A little later I asked my participants what they thought about change. What do they believe about the nature of human beings? Are they able to change? Are they opportunistic or are they simply bound by their context? Do they have an optimistic outlook on life or feel pessimistic about the chances of their country? Their answers were honest and engaging, ‘Working in Darfur, we have to be optimistic, shared my Oxfam colleague. Another, ‘Hope is the driver of change, but people are reluctant to change.’ One lady gave the best example, ‘You asked us this morning to sit today in another place, many of us were reluctant to change, but most of us did eventually.’
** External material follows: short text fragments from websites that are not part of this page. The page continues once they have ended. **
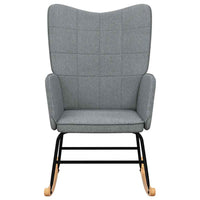 Sedia a Dondolo Grigio Chiaro in Tessuto cod mxl 52900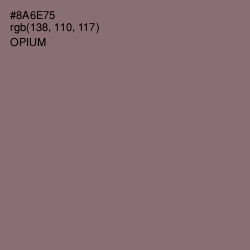 #8A6E75 - Opium Color Image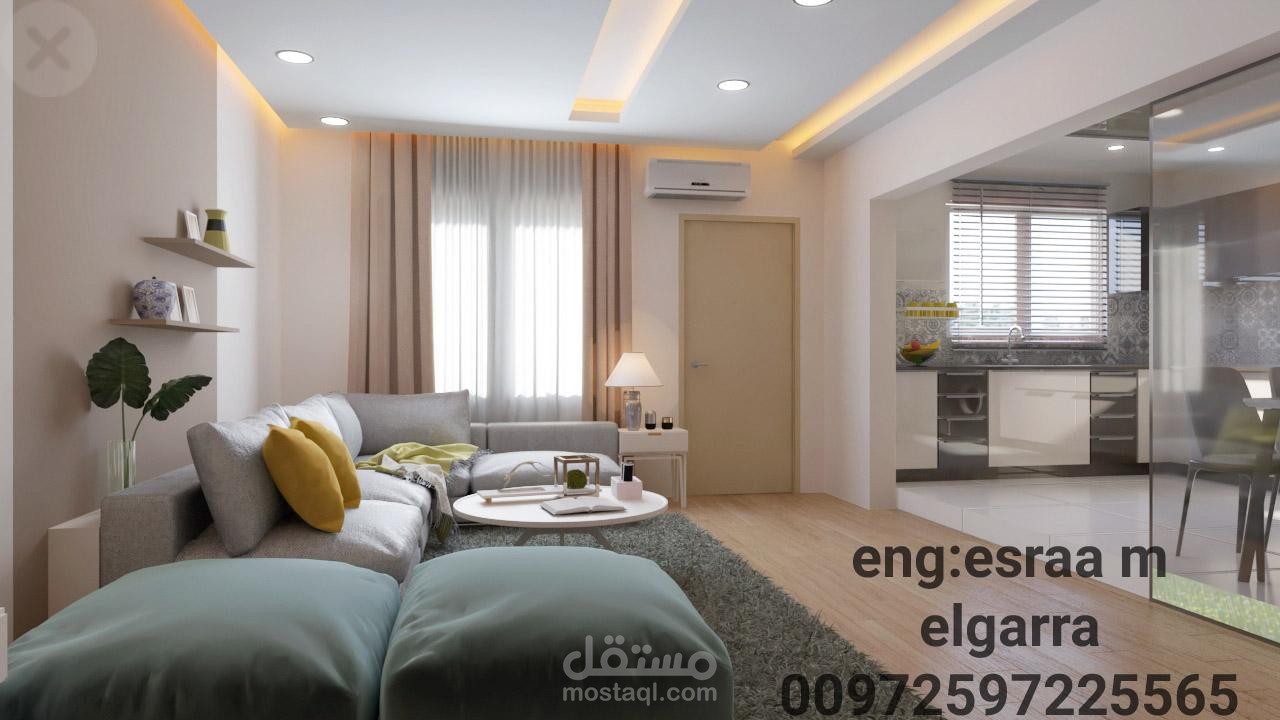 تصميم صالون معيشة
Looking up from my breakfast table, presenters of BBC world are discussing China’s wish to create some kind of economic union in the Asia Pacific and how the Americans will respond to this. My eyes cross with the waiter’s, he pokes up the volume for me, although my gaze turns to the window again. How far removed this place seems from all of that, although it is actually a player in the middle of it. In the global economy, a key driver of perhaps irreversible and devastating changes remains oil, which the Chinese gladly took over after the Americans instated a trade embargo on Sudan years ago. And on the wealth of these oil drums the current Sudanese regime stays in place, with or without American support.
The waiter has left the breakfast room and I walk down the stairs to my room, but he catches up with me in the corridor a floor below. I don’t want to say this, but I do. I naively blurt out, ‘Please, Sir I know you need hope, but don’t go. There’s a big chance you will die.’ He does not even blink, but responds ‘Yes, I need hope and people die. Some do, some don’t. I lived in a house with friends, they went, one now lives in Scotland, the other lives in Switzerland, I will skip Italy and maybe go to Germany. I have a wife you know and a baby, but she lives in Doha. She works there, earning 500-600 dollars a month. I only earn a 100 dollars a month. Maybe next month I will quit my job, take out my social insurance money and leave.’ He looks away after this, we both know my words won’t change anything, he’s not reluctant to change, he really wants a chance to change his life. ‘Bless you,’ is all I can respond and he lets me walk out of our awkward conversation.
PS When I meet my Italian colleague the next day, he confirms that he was just as shocked as I was by the waiter’s request and said ‘I told him not to go, that it really is not easy to earn money in Europe without papers. To see things from the other side of the Mediterranean, people in Europe think these people are just economic migrants, but when you hear this, you know they are desperate refugees.’